Jeszcze jedna próba Wronki. To nasz najaktywniejszy na razie zawodnik.
Tempo meczu nieco spadło.
Dwie znakomite interwencje Murraya po strzałach Da Costy.
Kolejna dobra interwencja Saundersa.
Bardzo ładna szarża Wronki. Akcja zakończona niecelnym strzałem.
Wishart uderza, krążek odbija się od obrońcy i wpada do naszej bramki.
Teraz to my gramy w osłabieniu.
Teraz kara dla Erikssona. Napastnik GKS-u zdumiony decyzją arbitrów.
Da Costa na ławce kar. Kolejna szansa.
MacDonald otwiera wynik spotkania.
Unia w komplecie. Od razu groźna akcja Dziubińskiego.
Wronka długo zbierał się do strzału. W końcu uderza, ale pewnie broni Saunders.
Fraszko strzela, ale niecelnie. Po chwili groźna kontra Unii.
Miłosz Noworyta fauluje Michalskiego. Kara!
Wronka strzela, ale wprost w bramkarza Unii.
Bezuska bliski zaskoczenia Murraya.
Do boju GKS!
Warto podkreślić, że trenerem rywali jest Tom Coolen, były szkoleniowiec GKS-u.
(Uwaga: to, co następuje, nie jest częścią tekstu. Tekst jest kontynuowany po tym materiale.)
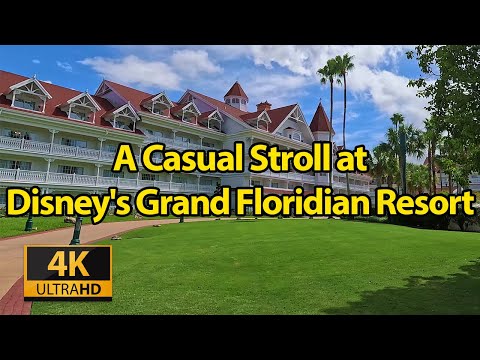 A Casual Stroll at Disney's Grand Floridian Resort in 4K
Skład GKS-u taki sam jak w ostatnim spotkaniu przeciwko KH Energa Toruń.
GKS przystępuje do spotkania jako lider tabeli.
Re-Plast Unia słabo rozpoczęła sezon i jest dopiero 7. w tabeli. W ostatniej kolejce wysoko wygrała jednak w Tychach.
W ramach 9. kolejki PHL zagramy w Oświęcimiu. Początek meczu o godz. 17.00.